The Tuskegee Airmen bond
Through his goal, Owens has forged a strong bond with the Tuskegee Airmen. This is particularly true of the association he has with members of the Archer-Ragsdale Arizona Chapter in Phoenix. Asa Herring, Tuskegee Airmen, often joins Owens at various functions and events promoting the flight.
Herring, a true gentleman, is typical of his peers. He began his active duty status on Dec. 27, 1944. As an aviation cadet, he flew the Stearman PT-17 and the AT-6 and later flew the P-51. When it was apparent that WWII was in its final stages and Germany had surrendered, the “Tuskegee Experiment” was one of numerous flight schools destined to be eliminated. With flying being drastically curtailed, volunteers were given the option to take an honorable discharge, which Herring took.
He continued his education at several technical schools, but was unable to secure employment with an airline or fixed base operator. By that time the Air Force had become an autonomous branch of the military and military segregation had been banned pursuant to an executive order signed by President Harry S. Truman. Herring volunteered to go back on active duty in June 1949.
Herring retired in June 1970 at the rank of lieutenant colonel. During the Vietnam War, he flew 350 combat missions and was the first black squadron commander at Luke Air Force Base.

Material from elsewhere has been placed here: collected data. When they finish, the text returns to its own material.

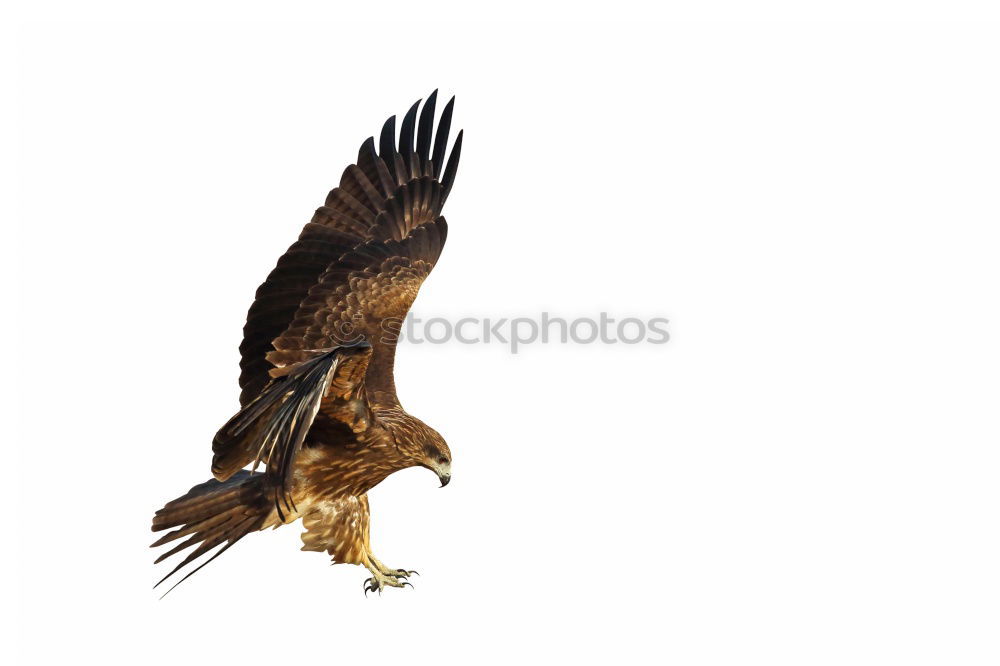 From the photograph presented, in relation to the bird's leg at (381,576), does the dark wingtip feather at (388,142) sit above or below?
above

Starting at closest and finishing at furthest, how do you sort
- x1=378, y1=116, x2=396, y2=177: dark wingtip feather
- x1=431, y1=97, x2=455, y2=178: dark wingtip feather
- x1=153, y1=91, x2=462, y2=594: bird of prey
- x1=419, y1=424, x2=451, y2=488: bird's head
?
x1=153, y1=91, x2=462, y2=594: bird of prey → x1=419, y1=424, x2=451, y2=488: bird's head → x1=431, y1=97, x2=455, y2=178: dark wingtip feather → x1=378, y1=116, x2=396, y2=177: dark wingtip feather

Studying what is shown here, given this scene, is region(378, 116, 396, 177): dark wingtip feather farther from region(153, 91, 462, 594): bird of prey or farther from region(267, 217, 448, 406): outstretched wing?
region(267, 217, 448, 406): outstretched wing

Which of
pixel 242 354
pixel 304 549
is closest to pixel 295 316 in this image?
pixel 242 354

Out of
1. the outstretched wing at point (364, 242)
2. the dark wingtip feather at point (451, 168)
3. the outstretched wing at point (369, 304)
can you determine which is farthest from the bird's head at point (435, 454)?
the dark wingtip feather at point (451, 168)

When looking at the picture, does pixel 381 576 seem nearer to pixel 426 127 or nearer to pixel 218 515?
pixel 218 515

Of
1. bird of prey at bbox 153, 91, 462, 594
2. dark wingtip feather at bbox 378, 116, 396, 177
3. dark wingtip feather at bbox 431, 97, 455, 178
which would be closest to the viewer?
bird of prey at bbox 153, 91, 462, 594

He trained foreign pilots in the F-104G Advanced Jet Fighter Gunnery Program and was made an honorary command pilot in the German Luftwaffe.

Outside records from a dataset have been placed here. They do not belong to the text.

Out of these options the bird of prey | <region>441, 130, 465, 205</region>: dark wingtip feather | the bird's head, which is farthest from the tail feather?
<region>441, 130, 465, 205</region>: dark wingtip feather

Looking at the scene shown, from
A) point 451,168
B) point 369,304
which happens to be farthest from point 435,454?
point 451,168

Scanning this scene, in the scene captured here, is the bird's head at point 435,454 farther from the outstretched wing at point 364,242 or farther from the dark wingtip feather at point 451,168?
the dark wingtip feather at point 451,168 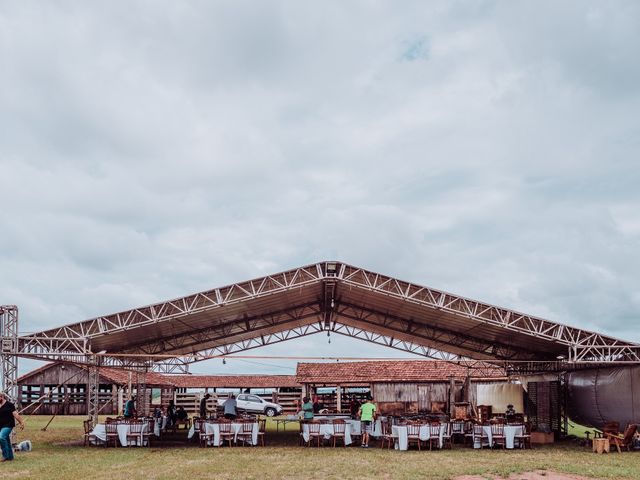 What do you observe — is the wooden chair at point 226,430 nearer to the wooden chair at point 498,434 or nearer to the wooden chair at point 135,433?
the wooden chair at point 135,433

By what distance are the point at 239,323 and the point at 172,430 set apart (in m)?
6.18

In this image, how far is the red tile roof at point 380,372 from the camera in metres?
32.0

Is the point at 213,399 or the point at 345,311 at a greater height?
the point at 345,311

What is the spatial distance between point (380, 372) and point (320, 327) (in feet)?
31.3

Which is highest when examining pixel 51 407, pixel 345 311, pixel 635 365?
pixel 345 311

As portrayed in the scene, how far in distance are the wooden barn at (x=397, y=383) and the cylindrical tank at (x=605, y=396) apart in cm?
Answer: 670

Owens will start his historic flight from the Lincoln J. Ragsdale Terminal at Phoenix Sky Harbor International Airport. The terminal was named after a member of the Tuskegee Airmen who was also a civil rights crusader with a passion for aviation. In the 1970s, he served on the Phoenix Aviation Advisory Board.

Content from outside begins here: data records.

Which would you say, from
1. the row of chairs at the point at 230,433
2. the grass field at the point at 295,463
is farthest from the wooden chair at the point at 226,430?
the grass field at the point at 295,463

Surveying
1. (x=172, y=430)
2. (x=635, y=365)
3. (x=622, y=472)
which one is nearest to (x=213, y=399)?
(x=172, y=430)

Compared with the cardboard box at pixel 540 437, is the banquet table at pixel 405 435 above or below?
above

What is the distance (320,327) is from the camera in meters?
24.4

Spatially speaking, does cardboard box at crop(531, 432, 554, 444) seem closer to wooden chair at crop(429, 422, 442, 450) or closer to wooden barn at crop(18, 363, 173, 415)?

The current flight plan for the journey around the world includes stops in St. Louis, Tuskegee, Ala., and Republic Field in Farmingdale, N.Y., close to where Charles Lindbergh made his historic flight to Paris. Owens plans to cross the Atlantic via Newfoundland, Greenland and Iceland. The European routing includes Paris, Sigonella in Sicily and Anzio Beach, the site of the first air-to-air combat involving the Tuskegee Airmen. The Berlin to Moscow leg will be reminiscent of the Wiley Post flight.
Owens will continue across Russia to Nome and Anchorage, Alaska; Seattle; Reno, Nev.; Long Beach, Calif.; and finally Phoenix Sky Harbor International Airport.
“The Tuskegee Airmen laid the groundwork for me to fly,” Owens said.
However, his historic flight will be more than a tribute to the famed black aviators. Owens sees it as an opportunity to give pride to younger people of color and inspire them to doing things they never considered before. Owens counsels and encourages young people.
“You have to have the right role models to succeed,” he tells them. “With values like the Tuskegee Airmen have, how can you not want to emulate them and pass their values on to future generations?”
Owens also encourages young people to learn to fly.
“If you want instant gratification, learn how to fly an airplane,” he says. “An airplane has no preconceptions or prejudices; it recognizes only the input provided by the pilot.”
Owens himself has contributed thousands of dollars to the dream.
“I believe in the mission so strongly that I’m willing to put my life on the line to get it accomplished,” he said. “This is not about black and white. I have an American flag on my flight suit. I’m proud to be an American and thankful for the opportunities I have as an American.”